Preda di una politica che rimanda all’infinito le soluzioni strutturali al fine di intraprendere quella più comoda ed elettoralmente remunerativa dell’assistenza: l’isola moltiplica la cassa integrazione, gli ammortizzatori sociali, le proroghe di chiusura degli stabilimenti e i ridimensionamenti degli organici. In parallelo si inseguono improbabili e temporanei investitori stranieri (od enti parastatali), più o meno agevolati e costantemente orientati ad inquinare e depauperare il nostro valore aggiunto.

Tutto questo accade mentre si distribuiscono piatti d’ostriche, spacciati per ossigeno, a servizi pubblici i cui costi medi superano quelli degli analoghi servizi forniti dai privati. L’obiettivo parrebbe quello di salvare le sorti di cadaveri sottoposti ad accanimento terapeutico, o forse dello stesso Popolo Sardo.

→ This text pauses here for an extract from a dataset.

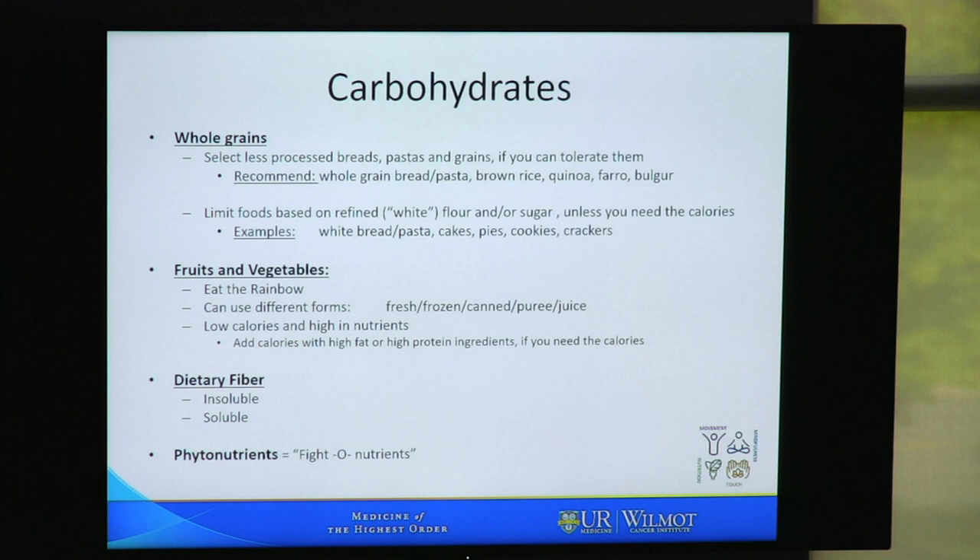You also get carbohydrates from fruits and vegetables. We like to say eat a rainbow, and you can certainly use fruits and vegetables in many forms — fresh, frozen, canned, pureed, or juiced. Fruits and vegetables are low in calories but generally high in nutrients, which is great for people who need lower calorie intake. But a lot of people need more calories and should add calories to their fruits and vegetables with higher fat or higher protein ingredients if they can.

Purtroppo la produzione di tali aziende si orienta verso un solo prodotto: gli stipendi pagati dalla collettività. In altri termini, la fallacia del keynesismo portato alle sue estreme conseguenze rispecchia il potere politico e sindacale che avviluppa il territorio, come un cane che si morde la coda. E infatti Lazzaro non resuscita, si decompone. La fede nel tirare a campare si trasforma nell’isteria di massa che spinge tutti verso il baratro.

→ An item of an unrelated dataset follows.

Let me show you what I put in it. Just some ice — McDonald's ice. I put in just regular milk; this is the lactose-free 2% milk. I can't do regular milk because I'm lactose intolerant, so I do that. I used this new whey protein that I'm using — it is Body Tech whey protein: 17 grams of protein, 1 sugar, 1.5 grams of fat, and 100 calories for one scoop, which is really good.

La giustificazione che perpetua questo suicidio collettivo è l’alibi che ha sempre consentito alla nostra politica di dissanguare lentamente la Sardegna. Si tengono aziende in perdita perché i tempi per convertire l’economia locale sarebbero lunghi, e non si potrebbe lasciare sul lastrico migliaia di persone.

Che fare? La banalità non esclude la semplicità: riformare lo Statuto autonomo affinché gli slogan sulla riduzione delle tasse, della burocrazia, e per il rilancio del patrimonio storico, linguistico e culturale dell’isola, si trasformino in fatti concreti, stimolando veri investimenti. Eppure il dibattito sulla riforma dell’Autonomia speciale non decolla, e questo certifica una chiara volontà, da parte della nostra classe politica, di governare la dipendenza senza gettare le basi della transizione verso un modello economico maggiormente virtuoso (e magari indipendentista).

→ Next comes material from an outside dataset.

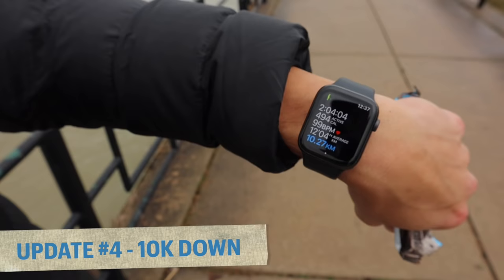Another quick update: just over two hours in, about 10 and a half kilometers. I'm going to dive into a delicious Quest protein bar — one of the best in the game — to fuel up. I'm going to enjoy this and I'll see you on the next update.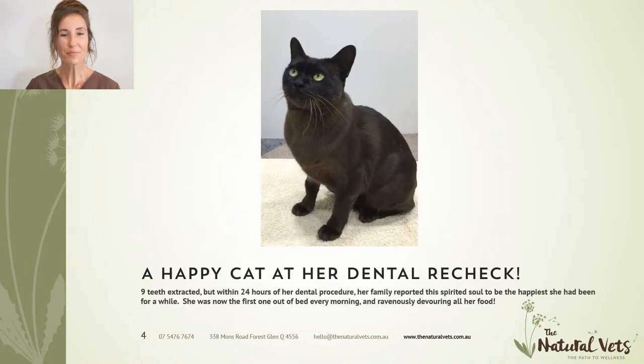This is one of our dental patients — one of the poster children for dental treatment. Her name is Ella, and she's a young Burmese cat who came in for a dental check and was admitted for dental treatment the next day. All the owner had noticed at home was that her breath was getting a little bit smelly, she was slightly off her food, and sleeping in a little in the mornings. We had to extract nine teeth from her mouth that day. She went home much happier and within 24 hours was back to devouring all of her food and jumping out of bed first thing in the morning.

Da quasi vent’anni a questa parte il tema delle grandi riforme ha assunto i connotati del mito di Loch Ness: un mostro marino sporadicamente emerso dalle tumultuose acque della politica, inabissatosi sempre troppo presto per poterne provare la sua reale consistenza. Ma non è la paura di un mostro immaginario a frenare le maggioranze che si susseguono in Regione, quanto il timore che una seria conquista della sovranità popolare porterebbe a quella responsabilità capace di causare la perdita dei privilegi, delle posizioni e delle rendite di potere date ormai per acquisite.

Ecco perché tutte le attenzioni dei governi regionali vengono convogliate nell’ordinaria amministrazione, e per l’addomesticamento dell’emergenza, trasformandosi in conservazione. Un problema che in passato non risparmiò neppure il sardismo.

All’indipendentismo sardo non rimangono che due strumenti: il primo potrebbe essere la promozione di un serio referendum autogestito per l’indipendenza, ma di difficile attuazione (la Sardegna non possiede il potere economico di una potenza manifatturiera come il Veneto, e men che meno della Catalogna, con tutto ciò che comporta nella possibilità di trainare consensi). L’ago sulla bilancia della conservazione sociale pende a nostro sfavore, nonostante tematiche nazionalistiche, come quella linguistica, maggiormente sentita rispetto alla situazione lagunare. Il secondo potrebbe essere proprio l’approccio riformistico, impervio e non garantito ma da tentare, per via della necessità di liberare quanti più sardi possibile dalla morsa della dipendenza economica, culturale e politica a cui sono piegati.

Ecco perché il 28 aprile, Die de sa Sardigna, può essere occasione per festeggiare, ma soprattutto per riflettere sulla memoria storica di un uomo, Giovanni Maria Angioy, la cui tensione ideale si collocava nell’assoluta volontà di liberare l’economia riformando le rigide istituzioni dell’isola.